Shambeau also noted that school board members visit the school buildings monthly, “observing the teaching processes of our children and viewing how are facilities are kept up. This gives the board first hand information to help make the decisions necessary to keep our educational standards as high as we can and our facilities in top notch condition.”
For 40 years, Writt taught seventh-grade social studies at Waupaca Middle School. He retired from teaching in 2009.
Writt earned a bachelor’s degree in education from the University of Wisconsin-Oshkosh in 1969.
He is on the board of directors of the Waupaca Historical Society and volunteers for both the Waupaca Area Food Pantry and at a school.
“One of the reasons I’m running for the school board is that I care about the children in our community,” Writt said. “I have a lot of empathy for my former colleagues, but the kids come first.”
Writt said he expects the Waupaca School District will face challenging times ahead as it tries to deal with declining enrollments and declining state revenues. He also believes that last year’s changes in the state law, which resulted in demonstrations in Madison, could lead to animosity between the school board and teachers here in Waupaca as new policies are established to replace the policies that had been negotiated as part of contracts.
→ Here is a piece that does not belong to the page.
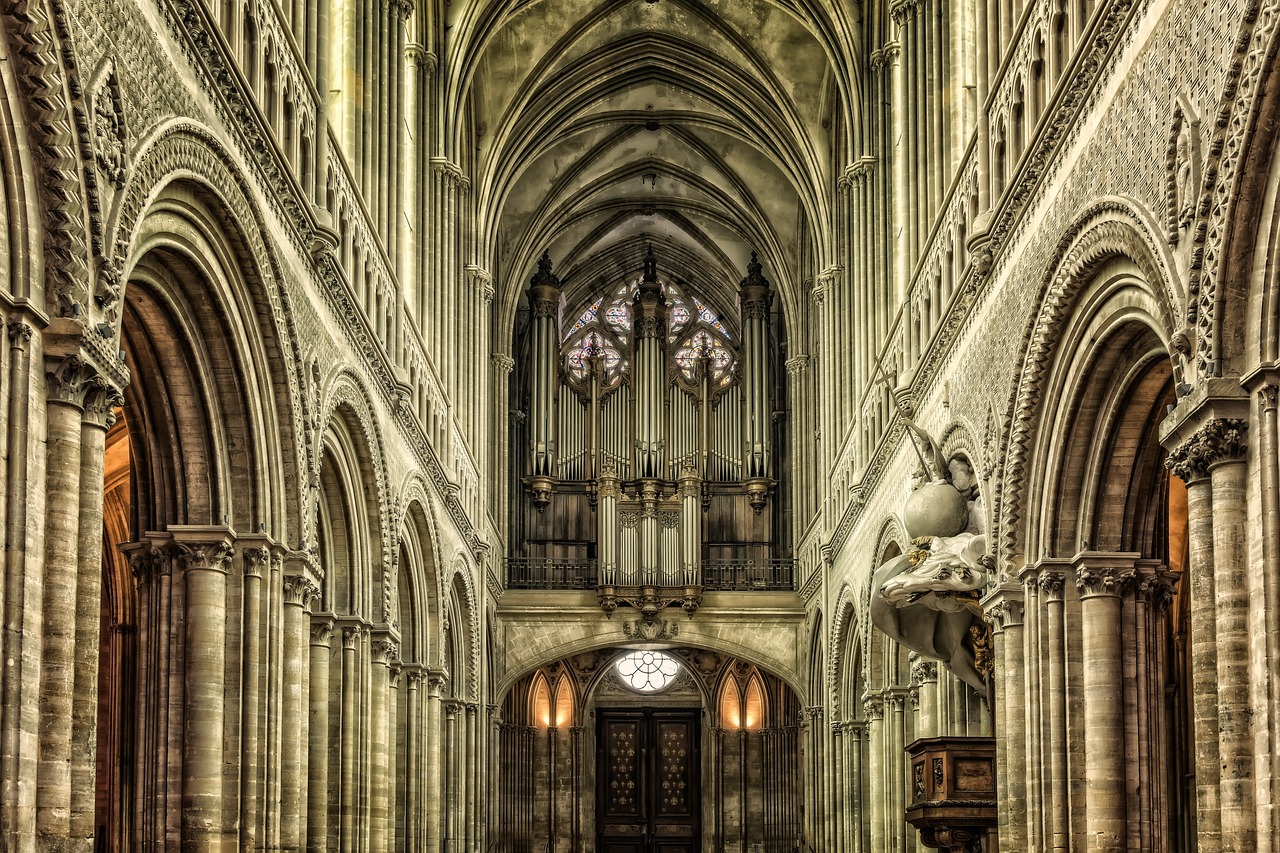 a large cathedral with a clock on the wall, a portrait, inspired by Barthélemy d'Eyck, shutterstock, pipe organ, hdr!, stairs and arches, normandy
“The state has stepped in and made it impossible for unions to negotiate with the school boards,” Writt said, noting that he believes the board needs to take a balanced approach to developing new policies by encouraging input from staff.
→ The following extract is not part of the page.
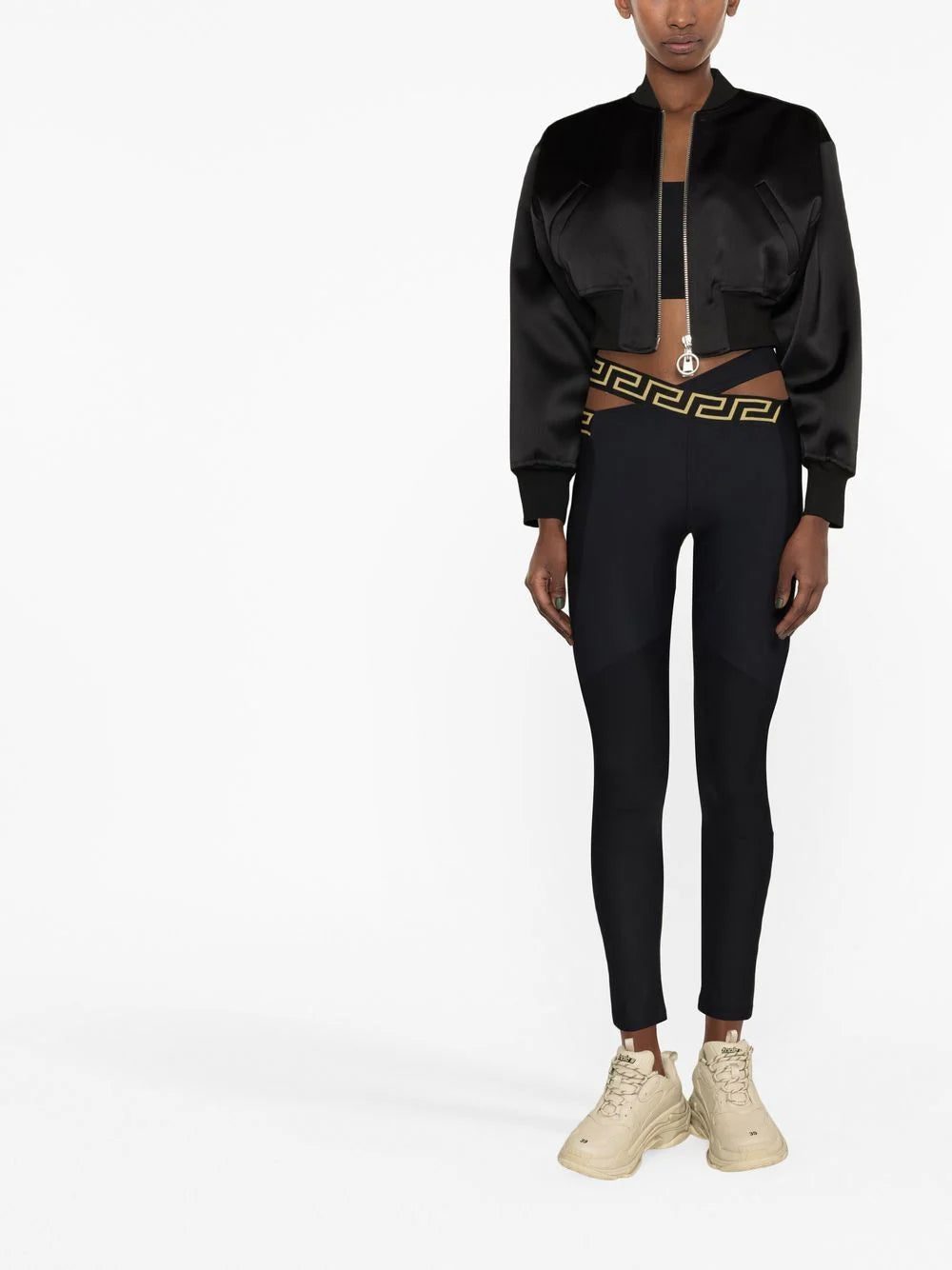 Versace La Greca crossover waistband leggings - Image 2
He is also concerned that cuts in state aid may lead to cuts in art, choir, band or the Gifted and Talented program.
“We always get enough money from the state to pay for our challenged students, but we do not always get enough funding for our advanced, or even our average students,” Writt said. “We might save money by closing these programs, but it doesn’t really help the kids. These programs offer more opportunities and motivate students to be more interested in academics.”